This is evaluated as a Monte Carlo integration by selecting random values for the variables \(t_i\) and \(u_i\) between 0 and 1 and values for \(Q_i\) between \(q_i^{min}\) and \(q_i^{max}\). A simulated path is traced through the sample to enable the \(l_i^{\ max}\) values to be calculated. The path is traced by calculating the \(l_i\), \(\theta\) and \(\phi\) values as follows from the random variables. The code keeps a note of the start coordinates of the current path segment and updates it when moving to the next segment using these randomly selected lengths and directions:

\(l_i = -\frac{1}{\mu_T}ln(1-(1-e^{-\mu_T l_i^{\ max}})t_i)\)

\(\cos\theta_i = (k_i^2 + k_{i+1}^2 - Q_i^2)/2 k_i k_{i+1}\)

\(\phi_i = 2 \pi u_i\)

The final Monte Carlo integration that is actually performed by the code is as follows where N is the number of scenarios:

\[J_n = \frac{1}{N}\sum \frac{1-e^{-\mu_T l_1^{\ max}}}{\sigma_T} \prod\limits_{i=1}^{n-1}[\frac{(1-e^{-\mu_T l_{i+1}^{max}})}{\sigma_T} \frac{Q_i}{<Q S(Q, \omega)>} S(Q_i, \omega_i) \sigma_s(k_i)] e^{-\mu_T l_{out}} S(Q_n, \omega_n) \frac{\sigma_s}{4 \pi}\]

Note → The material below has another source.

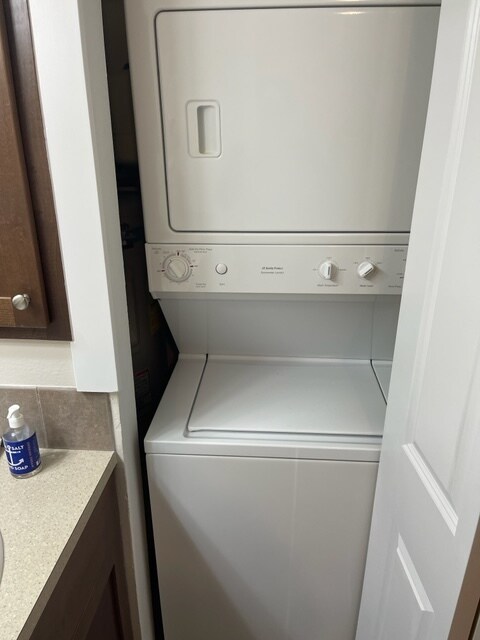 Washer & Dryer - 300 N 130th St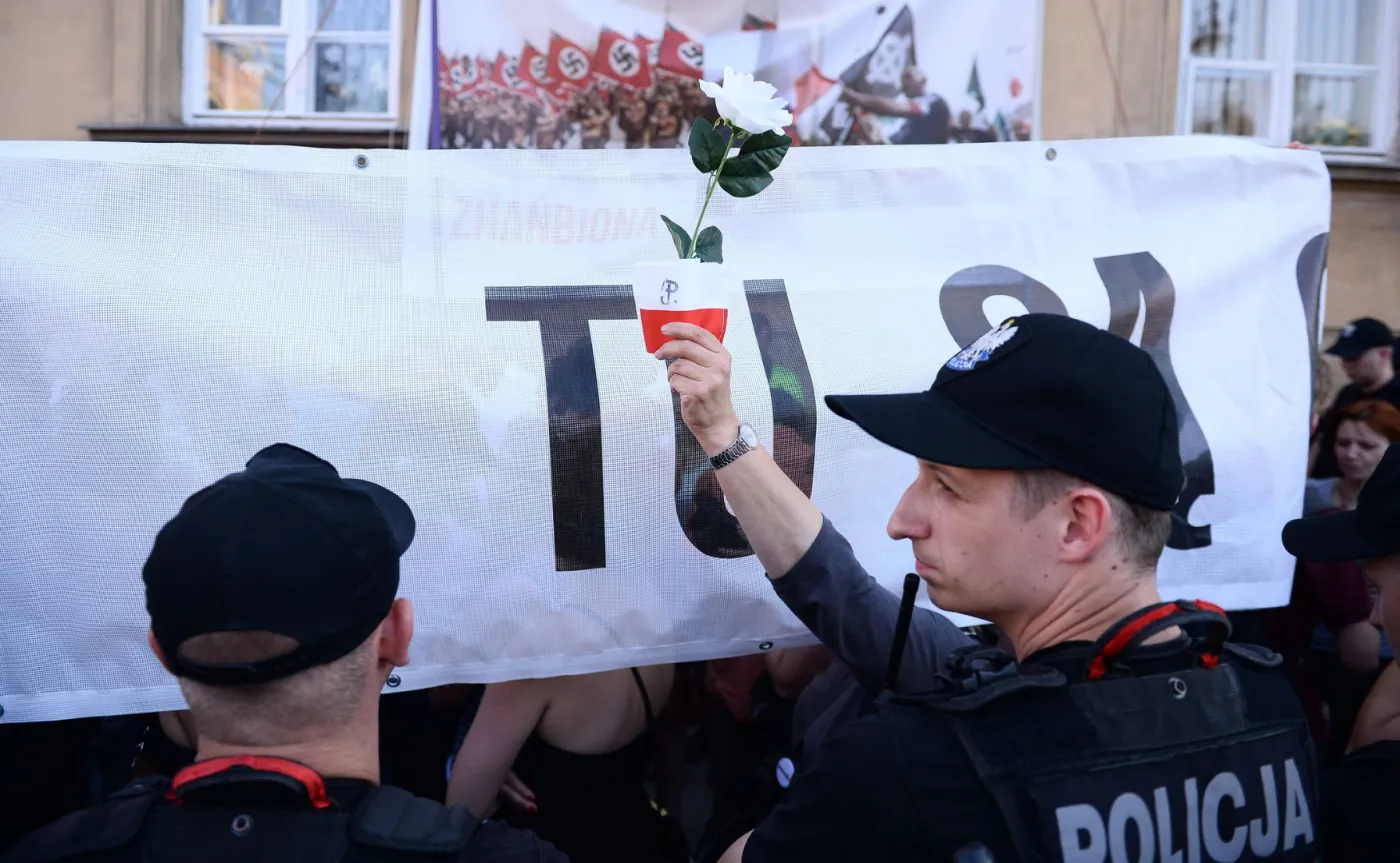 10349187-policja-na-marszu-narodowcow.jpg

The purpose of replacing \(2 k^2\) with \(\int Q S(Q) dQ\) can now be seen because it avoids the need to multiply by an integration range across \(dQ\) when converting the integral to a Monte Carlo integration. This is useful in the inelastic version of this algorithm where the integration of the structure factor is over two dimensions \(Q\) and \(\omega\) and the area of \(Q\omega\) space that has been integrated over is less obvious.

This is similar to the formulation described in the Mancinelli paper except there is no random variable to decide whether a particular scattering event is coherent or incoherent.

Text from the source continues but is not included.